While credit unions continue to lobby for increased business lending powers, a new report highlights that approving the proposal could result in an increase in the number of credit union failures.
A new study from Ike Brannon, president of consulting firm Capital Policy Analytics, takes an in-depth look at the potential negative impacts of approving that proposed increase, and the International Community Bankers of America is using the report as additional firepower in lobbying efforts to defeat the proposal that would create more competition for small banks.

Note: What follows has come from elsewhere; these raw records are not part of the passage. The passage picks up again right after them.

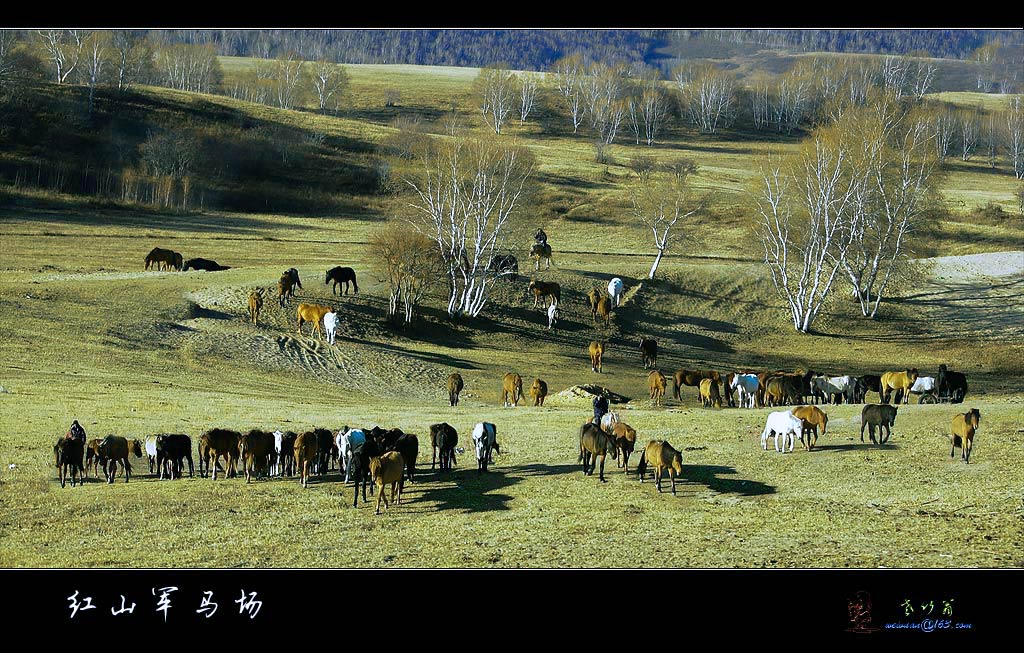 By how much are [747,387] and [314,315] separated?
744 inches

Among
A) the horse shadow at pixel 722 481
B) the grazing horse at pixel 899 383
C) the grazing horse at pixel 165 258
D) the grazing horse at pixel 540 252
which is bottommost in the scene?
the horse shadow at pixel 722 481

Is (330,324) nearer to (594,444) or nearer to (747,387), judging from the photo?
(747,387)

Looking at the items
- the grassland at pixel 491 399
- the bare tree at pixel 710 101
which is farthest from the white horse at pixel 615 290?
the bare tree at pixel 710 101

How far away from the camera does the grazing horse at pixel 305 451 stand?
68.0ft

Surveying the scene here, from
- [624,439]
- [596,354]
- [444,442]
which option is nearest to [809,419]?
[624,439]

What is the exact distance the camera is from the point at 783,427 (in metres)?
22.9

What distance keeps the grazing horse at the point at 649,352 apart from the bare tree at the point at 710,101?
313 ft

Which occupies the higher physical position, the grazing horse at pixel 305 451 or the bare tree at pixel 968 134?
the bare tree at pixel 968 134

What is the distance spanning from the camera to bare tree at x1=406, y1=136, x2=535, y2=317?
50531mm

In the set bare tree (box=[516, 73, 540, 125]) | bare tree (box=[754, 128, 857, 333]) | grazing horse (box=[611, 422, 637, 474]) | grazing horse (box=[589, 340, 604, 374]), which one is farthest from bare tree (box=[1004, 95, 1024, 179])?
grazing horse (box=[611, 422, 637, 474])

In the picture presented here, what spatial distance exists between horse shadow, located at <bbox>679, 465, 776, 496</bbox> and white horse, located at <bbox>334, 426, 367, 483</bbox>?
7044 millimetres

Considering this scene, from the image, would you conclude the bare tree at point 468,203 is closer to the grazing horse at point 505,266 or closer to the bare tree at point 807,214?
the grazing horse at point 505,266

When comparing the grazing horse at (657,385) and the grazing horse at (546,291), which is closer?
the grazing horse at (657,385)

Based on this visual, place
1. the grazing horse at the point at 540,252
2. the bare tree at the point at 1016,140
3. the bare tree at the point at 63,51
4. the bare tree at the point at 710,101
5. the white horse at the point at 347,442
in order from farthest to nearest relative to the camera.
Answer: the bare tree at the point at 710,101
the bare tree at the point at 63,51
the bare tree at the point at 1016,140
the grazing horse at the point at 540,252
the white horse at the point at 347,442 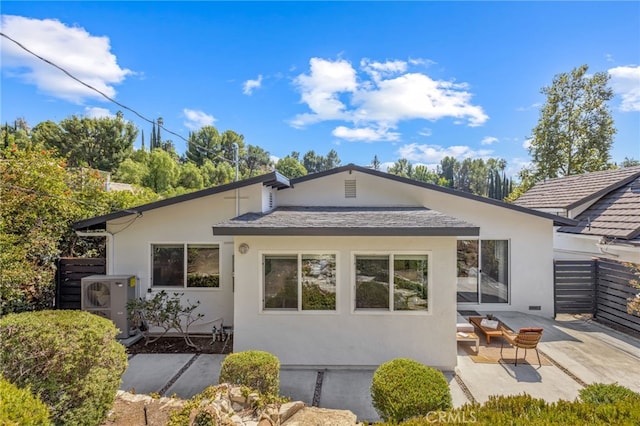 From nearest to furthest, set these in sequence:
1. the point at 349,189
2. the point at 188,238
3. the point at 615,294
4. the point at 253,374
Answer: the point at 253,374 → the point at 188,238 → the point at 615,294 → the point at 349,189

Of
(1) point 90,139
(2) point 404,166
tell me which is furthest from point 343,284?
(2) point 404,166

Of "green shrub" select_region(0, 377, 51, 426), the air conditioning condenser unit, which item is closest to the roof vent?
the air conditioning condenser unit

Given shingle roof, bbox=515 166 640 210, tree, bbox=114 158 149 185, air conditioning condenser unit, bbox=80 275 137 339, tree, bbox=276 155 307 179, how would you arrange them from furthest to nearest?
tree, bbox=276 155 307 179
tree, bbox=114 158 149 185
shingle roof, bbox=515 166 640 210
air conditioning condenser unit, bbox=80 275 137 339

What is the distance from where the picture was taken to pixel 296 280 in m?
6.96

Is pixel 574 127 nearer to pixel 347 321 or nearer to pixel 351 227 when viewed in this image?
pixel 351 227

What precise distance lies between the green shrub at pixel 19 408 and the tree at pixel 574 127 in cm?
3318

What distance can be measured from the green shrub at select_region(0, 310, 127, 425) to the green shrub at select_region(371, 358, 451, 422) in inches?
148

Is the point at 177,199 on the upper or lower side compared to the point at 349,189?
lower

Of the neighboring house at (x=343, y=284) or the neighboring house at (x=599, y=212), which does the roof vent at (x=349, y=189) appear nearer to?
the neighboring house at (x=343, y=284)

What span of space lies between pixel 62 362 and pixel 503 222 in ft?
38.4

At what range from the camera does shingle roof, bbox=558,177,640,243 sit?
10.1 meters

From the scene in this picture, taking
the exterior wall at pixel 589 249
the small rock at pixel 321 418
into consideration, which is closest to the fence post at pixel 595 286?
the exterior wall at pixel 589 249

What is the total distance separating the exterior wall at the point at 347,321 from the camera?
6.69 m

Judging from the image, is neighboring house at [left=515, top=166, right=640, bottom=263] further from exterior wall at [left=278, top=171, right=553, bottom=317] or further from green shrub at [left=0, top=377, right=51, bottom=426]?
green shrub at [left=0, top=377, right=51, bottom=426] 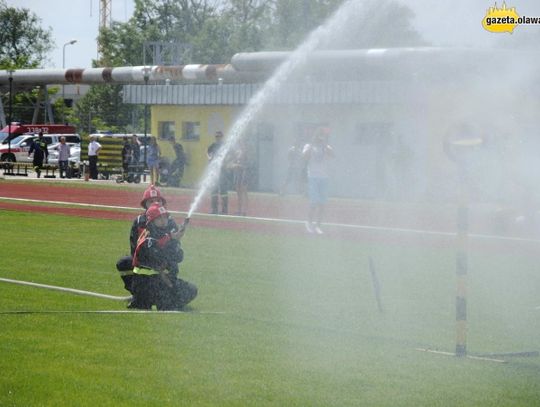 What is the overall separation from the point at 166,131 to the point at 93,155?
4.50 meters

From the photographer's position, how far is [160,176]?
47969mm

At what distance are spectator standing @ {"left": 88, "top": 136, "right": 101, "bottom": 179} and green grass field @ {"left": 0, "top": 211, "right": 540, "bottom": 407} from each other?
107 feet

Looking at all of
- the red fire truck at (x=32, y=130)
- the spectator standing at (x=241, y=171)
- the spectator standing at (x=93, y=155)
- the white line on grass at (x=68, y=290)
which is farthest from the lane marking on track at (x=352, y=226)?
the red fire truck at (x=32, y=130)

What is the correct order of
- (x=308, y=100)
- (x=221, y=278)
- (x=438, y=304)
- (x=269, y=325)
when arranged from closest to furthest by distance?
(x=269, y=325) < (x=438, y=304) < (x=221, y=278) < (x=308, y=100)

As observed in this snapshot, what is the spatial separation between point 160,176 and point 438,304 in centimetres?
3461

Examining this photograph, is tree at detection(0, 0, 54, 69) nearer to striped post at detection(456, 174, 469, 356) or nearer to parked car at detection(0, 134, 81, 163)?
parked car at detection(0, 134, 81, 163)

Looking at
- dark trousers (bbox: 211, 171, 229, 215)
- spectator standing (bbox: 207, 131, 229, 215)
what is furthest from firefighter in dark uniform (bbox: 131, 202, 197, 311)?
dark trousers (bbox: 211, 171, 229, 215)

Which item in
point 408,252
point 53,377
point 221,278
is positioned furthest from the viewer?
point 408,252

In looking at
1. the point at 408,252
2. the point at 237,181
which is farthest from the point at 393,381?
the point at 237,181

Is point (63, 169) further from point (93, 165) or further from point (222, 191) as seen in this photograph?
point (222, 191)

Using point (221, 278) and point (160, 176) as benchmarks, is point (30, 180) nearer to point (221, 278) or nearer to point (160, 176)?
point (160, 176)

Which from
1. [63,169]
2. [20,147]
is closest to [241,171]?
[63,169] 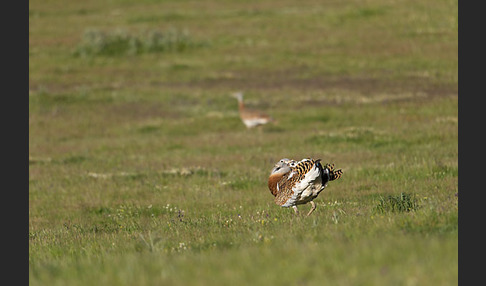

"Expanding the business-lending authority for taxpayer-subsidized credit unions would widen budget deficits at the federal, state and locals levels, and increase the risk of failures throughout a credit union industry neither equipped nor designed to do wide-scale commercial lending," Camden R. Fine, president and CEO of the ICBA, said in a statement.
While bank safety has clearly been a hot topic over the past few years, credit union failures don't seem to get as much attention. However, the nation's not-for-profit institutions have seen their share of troubles over the past few years, too. Since 2010, data from the National Credit Union Administration shows that 44 credits unions failed in 2010 and 2011. Brannon's report raises a good question. Will increasing credit union lending powers mean more concerns for the economy as a whole?
What's at stake for credit unions and banks
My colleagues and I have been covering the battle between community banks and credit unions over the past few months. Essentially, credit unions are looking to increase their existing loan-to-asset ratio of 12.25 percent to 27.5 percent. The increase would give the nation's not-for-profit institutions the ability to issue bigger loans to more businesses, without the need for more capital.
Community banks have been lobbying against the proposal, and it's easy to understand why. It's a tough climate for small banks right now. On one side, they're competing with megabanks with massive marketing budgets and nationwide presences to attract consumers. On the other side, they're competing with credit unions, which can afford to offer lower bank fees and lending rates due to their tax-exempt status. On top of both of these competitive battles, they're dealing with potentially burdensome regulation if Basel III capital requirements are approved.
What do you think? Are you in favor of giving credit unions the ability to take on more loans? Or do you think that the proposal is risky?